Authors Fahmy RM, Bhat RS, Al-Mutairi M, Aljaser FS, El-Ansary A

Received 13 September 2017

Accepted for publication 17 November 2017

Published 1 March 2018 Volume 2018:12 Pages 419—425

DOI https://doi.org/10.2147/OPTH.S151564

Checked for plagiarism Yes

Review by Single-blind

Peer reviewers approved by Dr Amy Norman

Peer reviewer comments 2

Editor who approved publication: Dr Scott Fraser


Rania M Fahmy,1,2 Ramesa S Bhat,3 Manar Al-Mutairi,4 Feda S Aljaser,5 Afaf El-Ansary4

1Department of Optometry, College of Applied Medical Sciences, King Saud University, Riyadh, Saudi Arabia; 2Department of Ophthalmology, Faculty of Medicine, Cairo University, Giza, Egypt; 3Biochemistry Department, College of Science, King Saud University, Riyadh, Saudi Arabia; 4Central Laboratory, Female Center for Medical Studies and Scientific Section, King Saud University, Riyadh, Saudi Arabia; 5Department of Clinical Laboratory Sciences, College of Applied Medical Sciences, King Saud University, Riyadh, Saudi Arabia

Objective: To evaluate the effect of diabetes mellitus (DM), diabetic retinopathy, and degree of glycemic control (glycosylated hemoglobin [HbA1c]) on peripapillary retinal nerve fiber layer thickness (RNFLT) using optical coherence tomography.
Methods: The study included 126 eyes of healthy controls (n=32) and diabetics patients (n=31), whose ages ranged from 40 to 70 years.

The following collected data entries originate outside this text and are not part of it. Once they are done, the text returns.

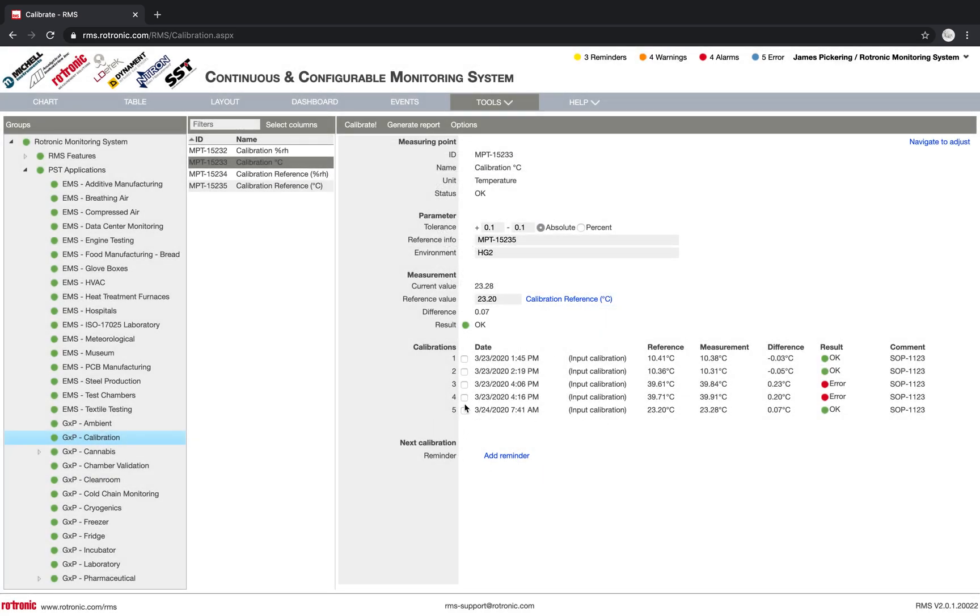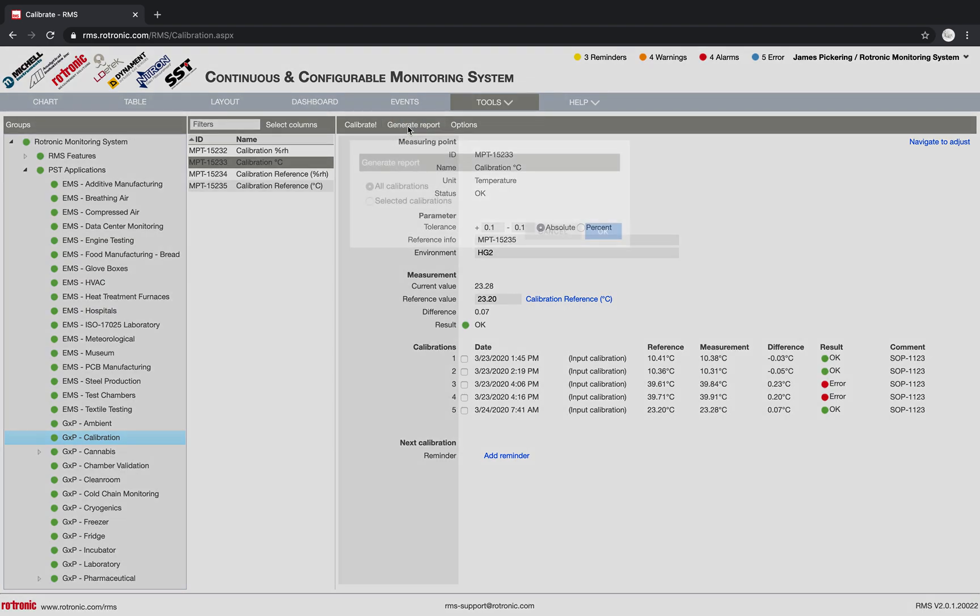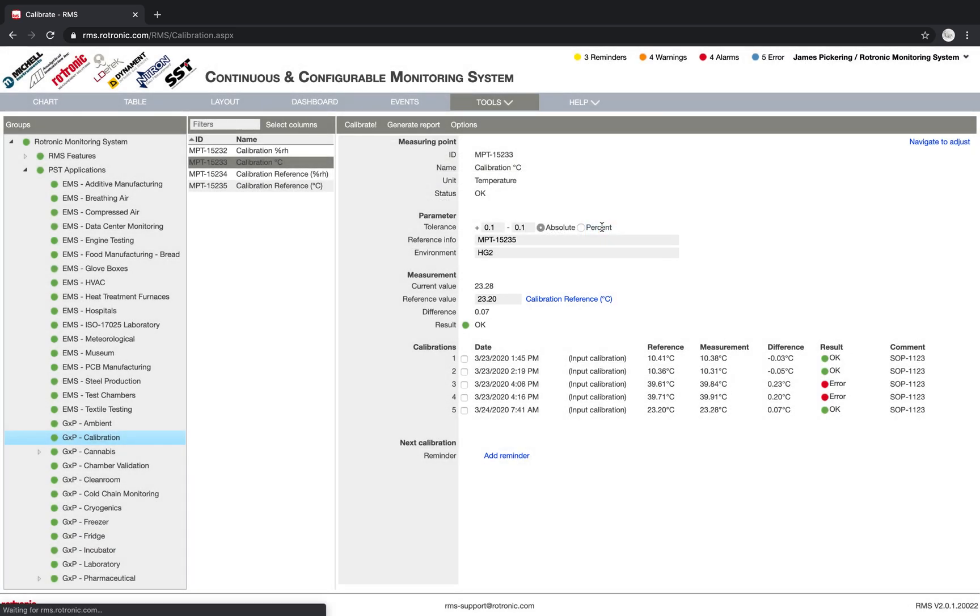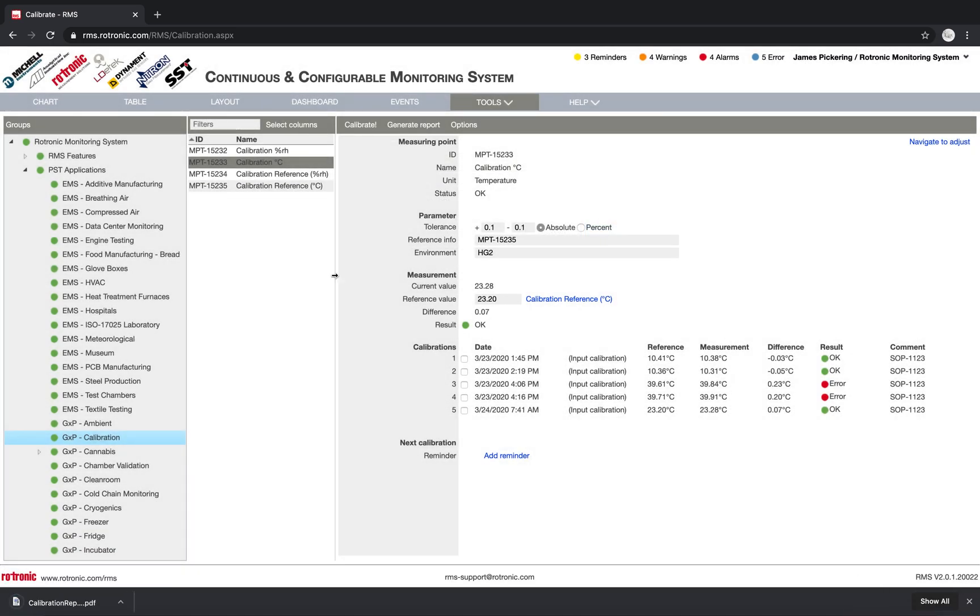What I can do now is I can generate a report. If I click on generate report, it'll ask me, what do you want to see? All calibrations or selected calibrations. For example, here I click on all calibrations. I click on okay, and then down below a PDF will open up.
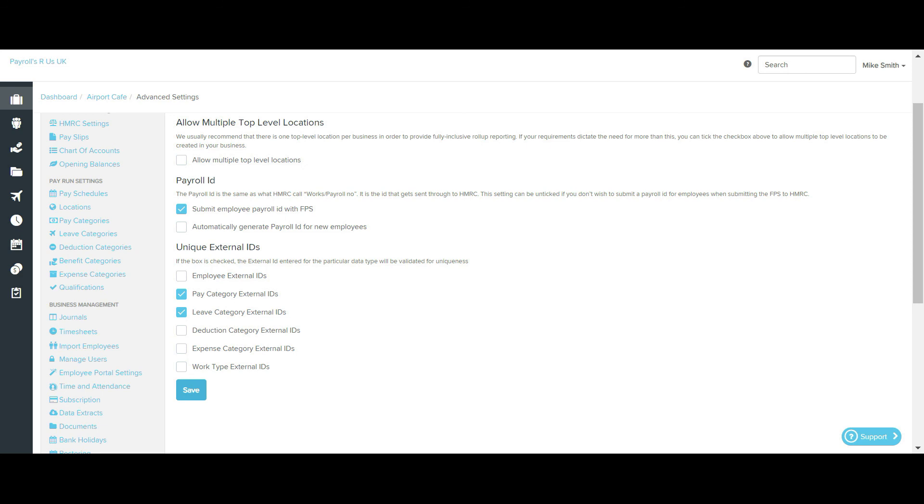The warning will detail who or what is affected by the duplicate external ID so that it is easily identifiable to you. If this warning does appear, you'll need to update one of the duplicate external IDs before you can save the setting for the relevant data type selected.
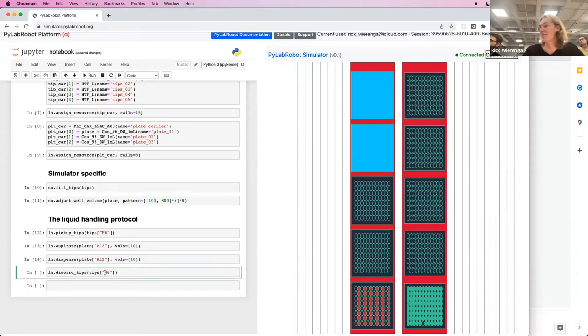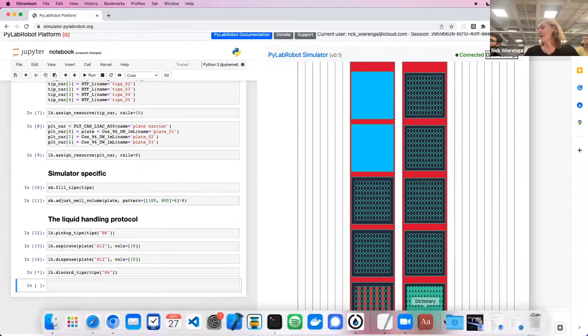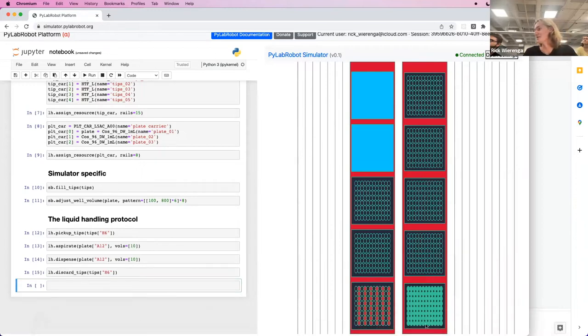And then finally, when we are done with this very simple protocol, we can put the tip back and you will see it reappear at the bottom here.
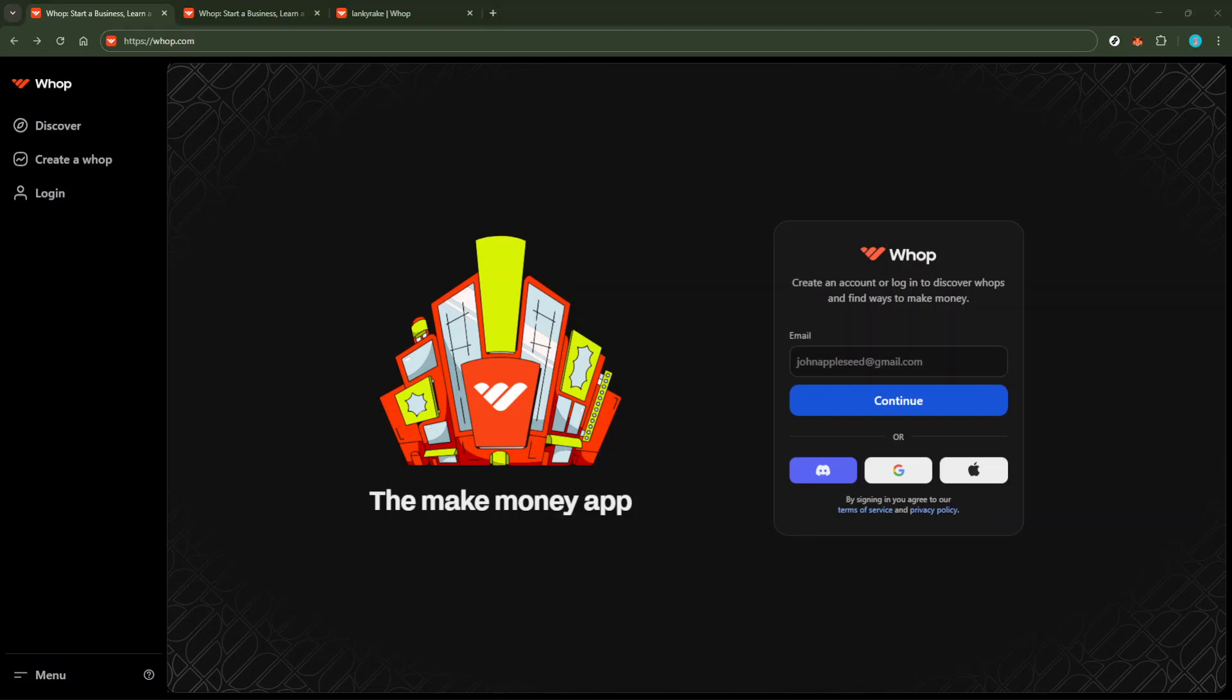In today's video, I'm going to teach you how to connect Instagram to WAP in just five minutes. This is a simple process that will help you seamlessly integrate your Instagram account with WAP, allowing for more streamlined social media management. Let's jump right in and make sure you have your Instagram profile fully connected.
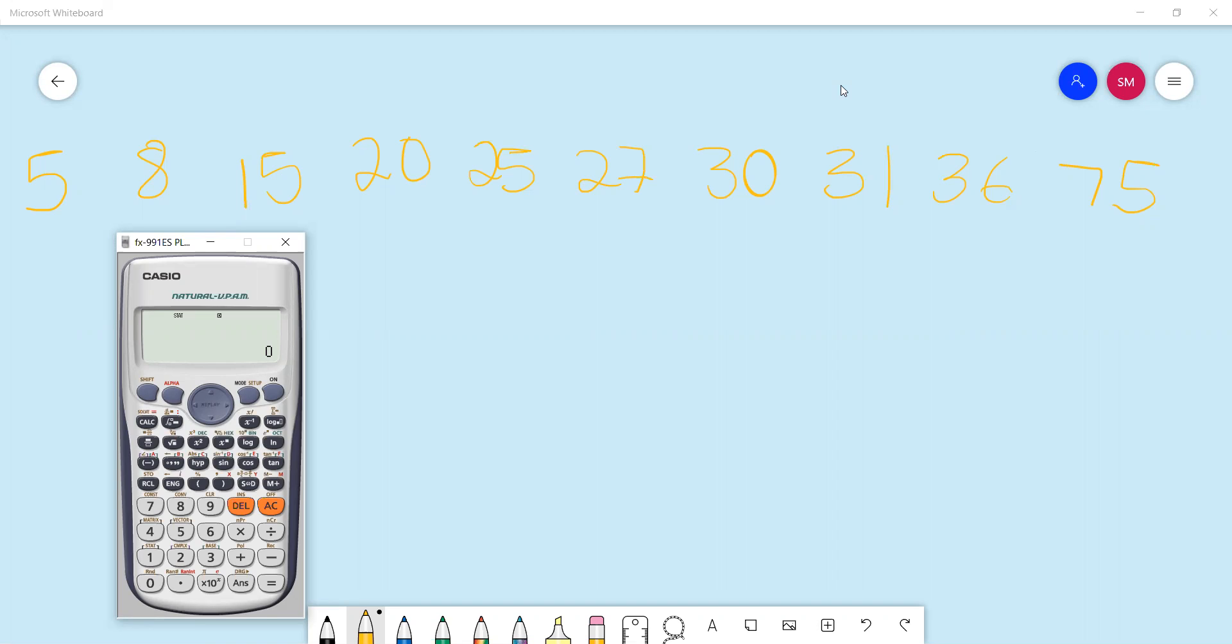In today's video, I want to show you how to determine the standard deviation of ungrouped data using a calculator.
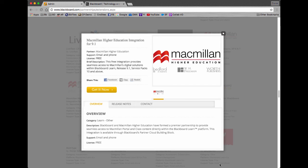Hey, this is Derek Stady with the Business Development Group at Blackboard. I'm just going to do a little demonstration of the Macmillan integration that we have in our Learn Ultra experience.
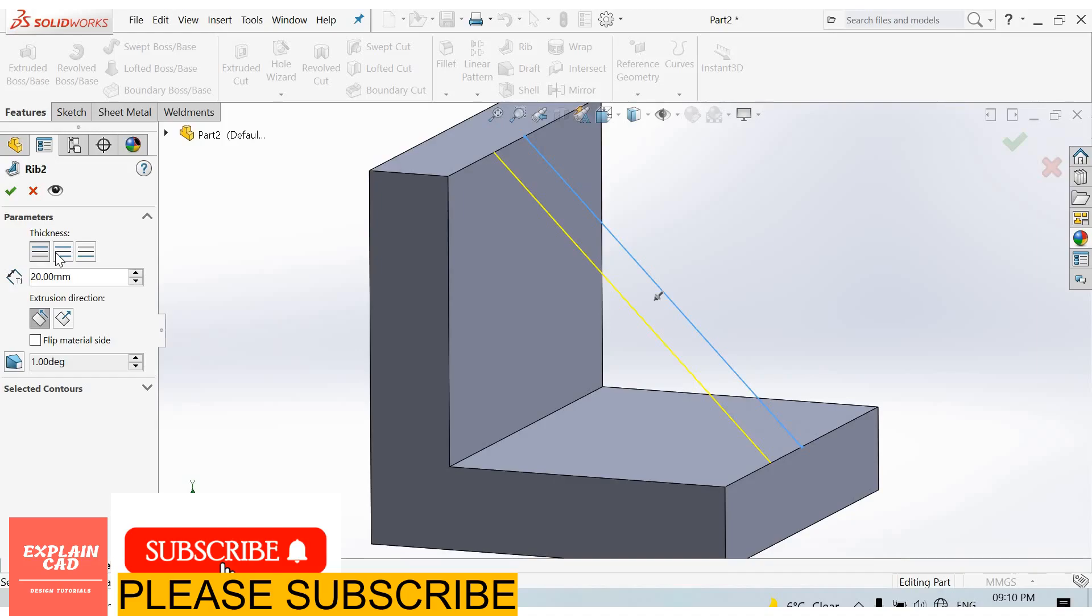Rib on one side, rib on both sides, or rib on the other side.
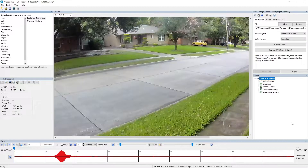The Speed Estimation filter works by taking timing data from the video file and a user putting in known distance measurements to allow us to calculate the speed that a vehicle is travelling, with the error included.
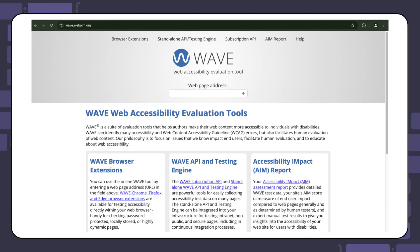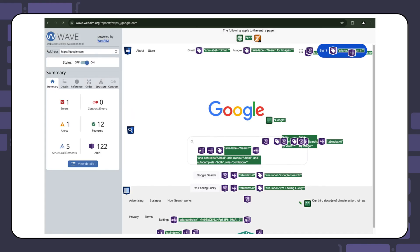Wave is another reliable accessibility checker that you can use as a Chrome extension or on the web. All you need to do is enter the URL of your website and a comprehensive accessibility report will be generated for you. This report includes accessibility features implemented, ARIA, and contrasts.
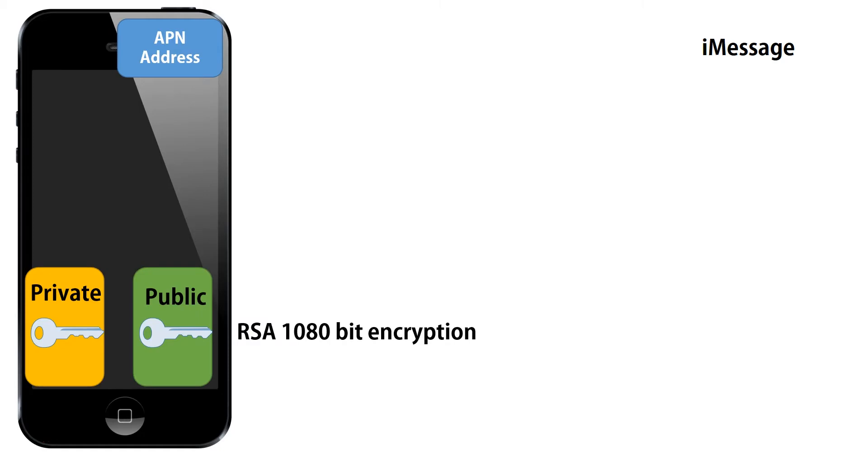The answer is every Apple device has an address known as an APN or Apple Push Notification, which basically means that Apple servers are pushing messages to your phone or your iPad or your MacBook Pro.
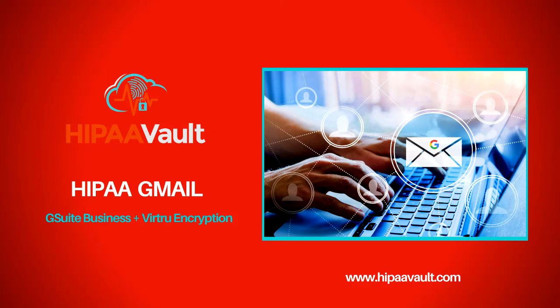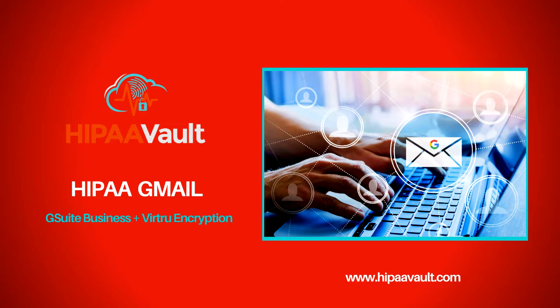HIPAA Vault's HIPAA compliant Gmail utilizes Virtue encryption technology to securely send and receive messages and attachments containing PHI. In this demonstration we'll see how HIPAA Gmail provides a seamless user experience for both emails and attachments while maintaining the persistent data protections you require.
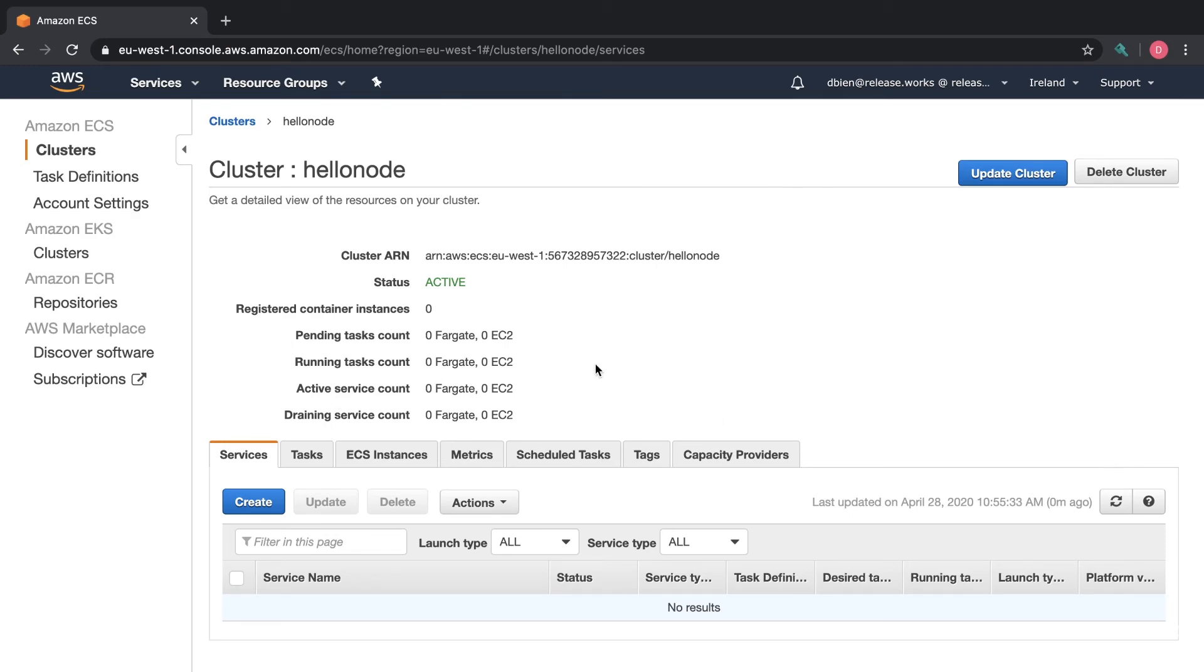Okay so that's it for this lesson. In the next lesson I will show you how to create a Fargate task definition. See you then.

The diabetic group was divided into: Subgroup 1: with HbA1c <7% and Subgroup 2: with HbA1c ≥7%. All patients underwent full ophthalmic examination. HbA1c level was obtained with the A1cNow+ system and the peripapillary RNFLT was measured using 3D-OCT 2000 Topcon (360-degree circular scan with 3.4 mm diameter centered on optic disc).
Results: The obtained data demonstrates significant decrease in peripapillary RNFLT in superior and inferior quadrants of the right eye (p=0.000 and p=0.039, respectively), and in superior quadrant of the left eye (p=0.002) with impairment of glycemic control. Pearson’s correlation test showed significant negative correlation of RNFLT with HbA1c in the superior quadrant in both eyes.
Conclusion: Impairment of glycemic control affects the peripapillary RNFLT mainly in the superior quadrant. This thickness also tends to decrease with long-standing DM, use of DM medications, and development of diabetic retinopathy. The measurement of peripapillary RNFLT may become a useful method to monitor early retinal changes in diabetic patients.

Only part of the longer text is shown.